Nodes are the key to decentralization, and if costs can continue to come down while computer capacity continues to increase, eventually extremely robust decentralization will be able to protect the blockchain from threats regardless of their source.

Nothing is more important than security from existential threat.

Lastly, I cannot judge your competence, but things are not always just what they seem to be, and it is often useful to consider the quality of optics with which one regards things. There may be extremely important reasons for specific undertakings being priority over others, and we just can't know without more information than is availed us.

Thanks!

Don't wait for Steemit, Inc to do this. Check out Steem Engine, a DEX marketplace created by the devs who made Steem Monsters.

We are committed to getting back to SMTs as soon as possible, that being said, I think Steem Engine is super cool and people should definitely check it out. Soft Consensus is Steem's secret killer app

SMT's are nowhere in their priorities right now. Steemit Inc is fighting for survival right now. We're not getting even a whiff of SMT's before 2020, and only then if crypto markets skyrocket.

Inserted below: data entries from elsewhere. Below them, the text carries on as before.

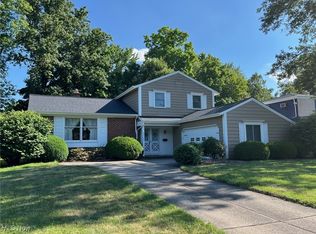 26127 Byron Dr, North Olmsted, OH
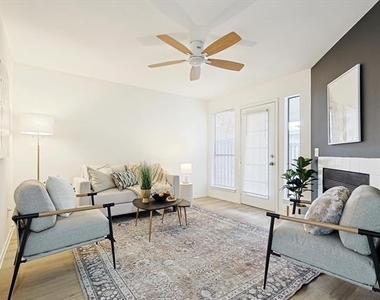 7652 Ronnie Drive - Photo Thumbnail 3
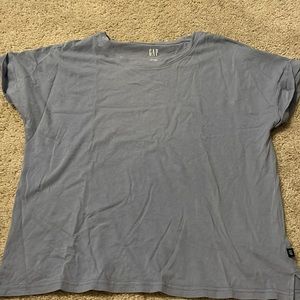 Gap T-shirt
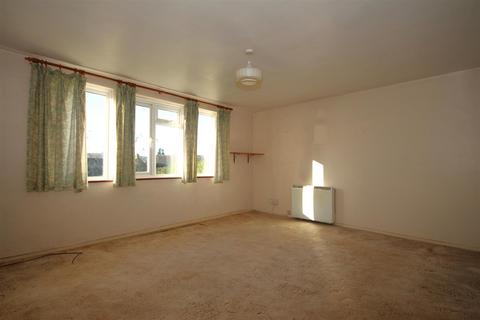 22 Priory Field, Upper Beeding, Steyning, BN44 3HU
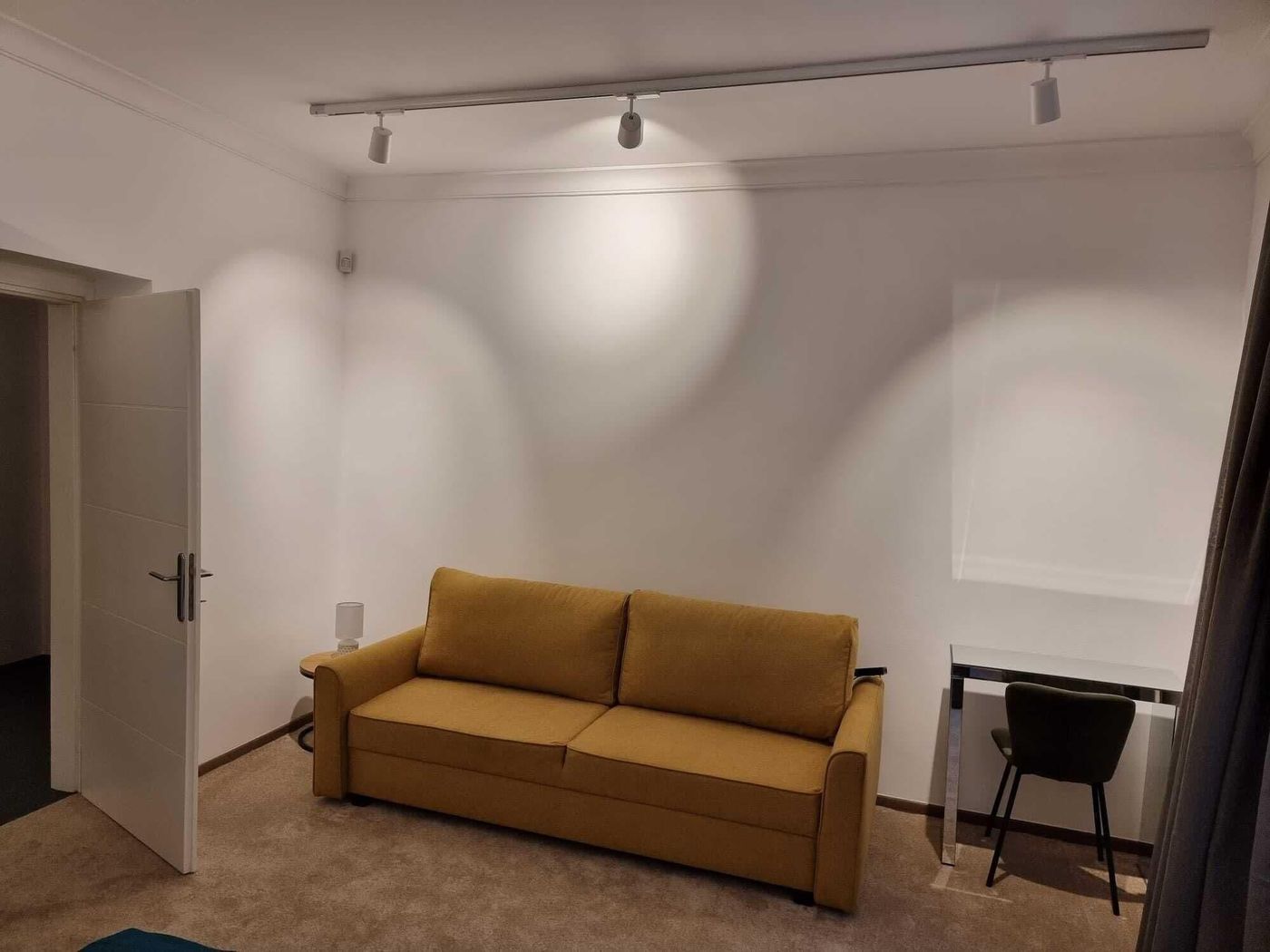 The Location Hotel-Serbia-Belgrade-Room-7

I don't think they're still at the "survival" stage anymore, but that'd just be a guess after recent price changes and since they sell the same amount of coins monthly. About SMT's, @steem-engine lauched recently so people can get their coins going already and when SMT's come around to give those coins blockchain level curation, etc, we'll be waiting with a healthy distribution through markets and the way dapps are already distributing their tokens.

+1 Looking for info on SMTs and how to get an SMT name

I think the answer is above in that they must avoid spreading themselves too thinly which leads to not being able to complete cost related development that will help the underlying sustainability of the protocol and its infrastructure. They may have also been seeing the alternatives to SMT spreading and will likely have to take then into consideration when the time comes.